- [Exercise goal] All lines from the one containing "آموزش ساده وروان" through the end of the data below are to be repeated exactly, with pictures left out.

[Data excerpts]
■ ■ ■ ■ ■
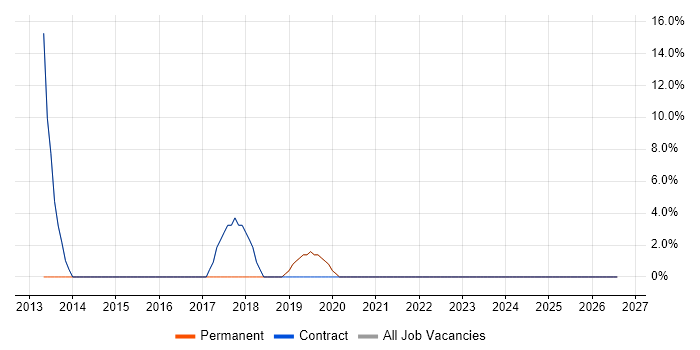 Public Sector job vacancy trend in Perth and Kinross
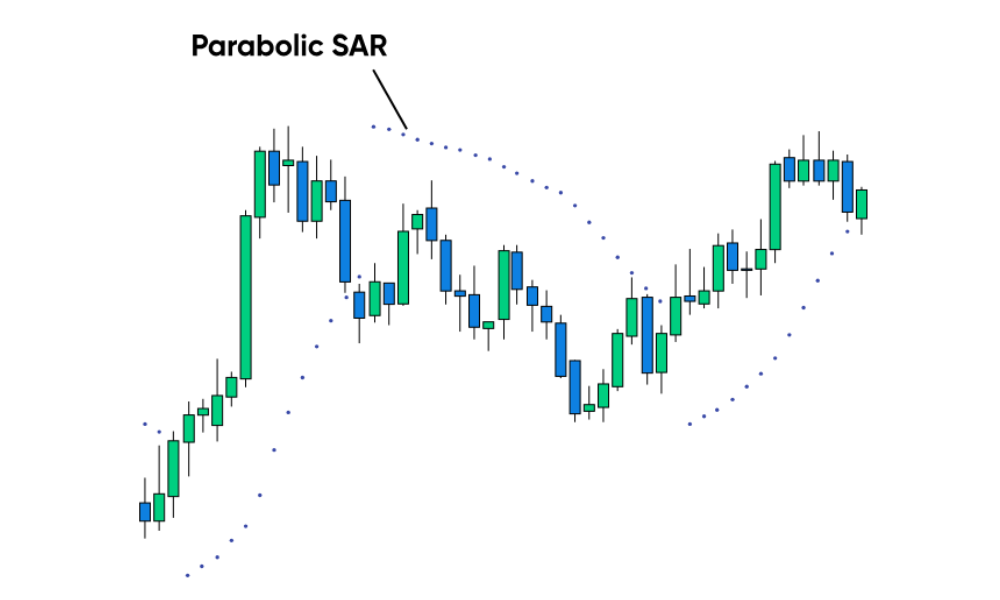 Parabolic SAR là gì? 6 cách giao dịch PSAR hiệu quả nhất năm 2025 3 Thông số cài đặt parabolic sar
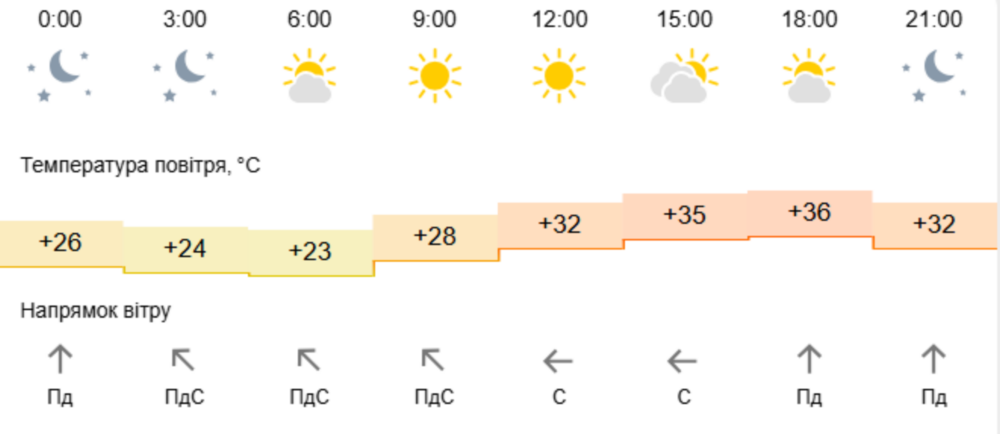 Погода у Нікополі 2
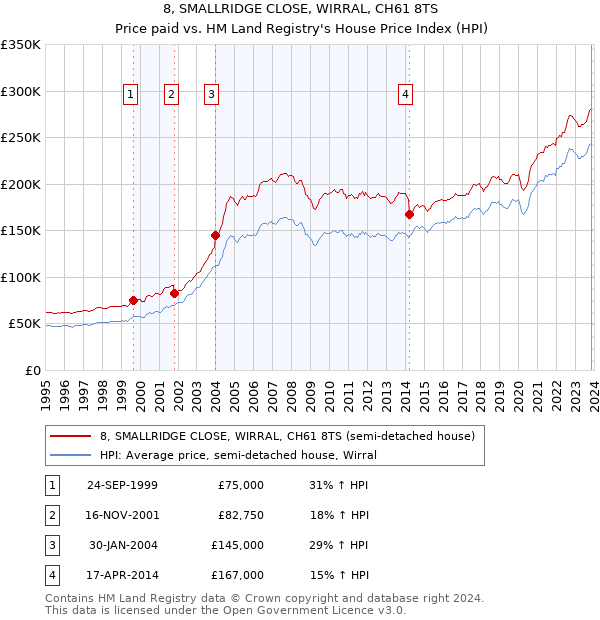 8, SMALLRIDGE CLOSE, WIRRAL, CH61 8TS: Price paid vs HM Land Registry's House Price Index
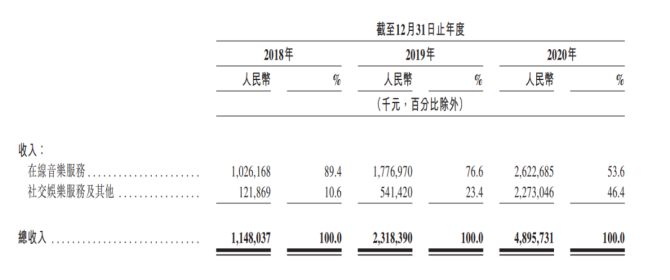 新知达人, “不务正业”的网易云音乐，赌赢了社交？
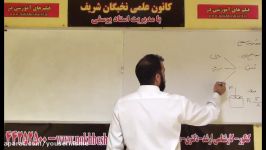 آموزش ساده وروان مقاومت مصالح توسط دکترعلی یوسفی قسمت 1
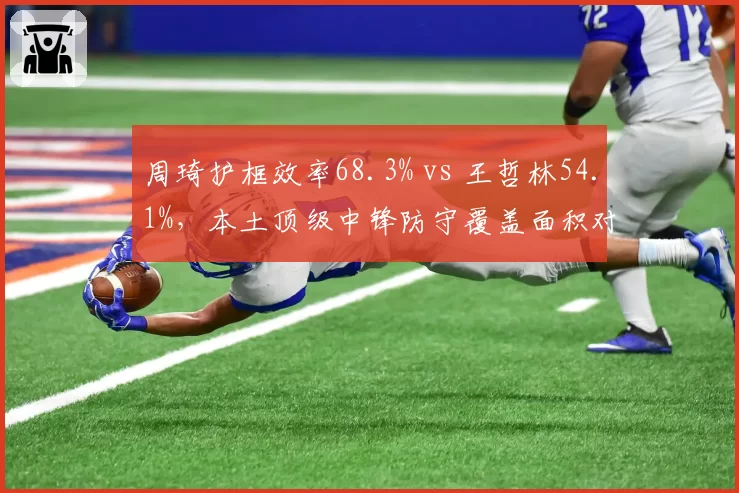 周琦护框效率68.3% vs 王哲林54.1%，本土顶级中锋防守覆盖面积对比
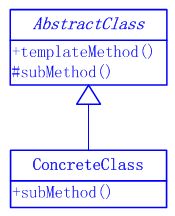 Java����ʽ�����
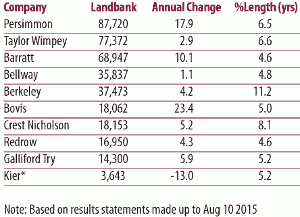New trends in land holdings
■ ■ ■ ■ ■
- [Output]
 آموزش ساده وروان مقاومت مصالح توسط دکترعلی یوسفی قسمت 1
 周琦护框效率68.3% vs 王哲林54.1%，本土顶级中锋防守覆盖面积对比
 Java����ʽ�����
New trends in land holdings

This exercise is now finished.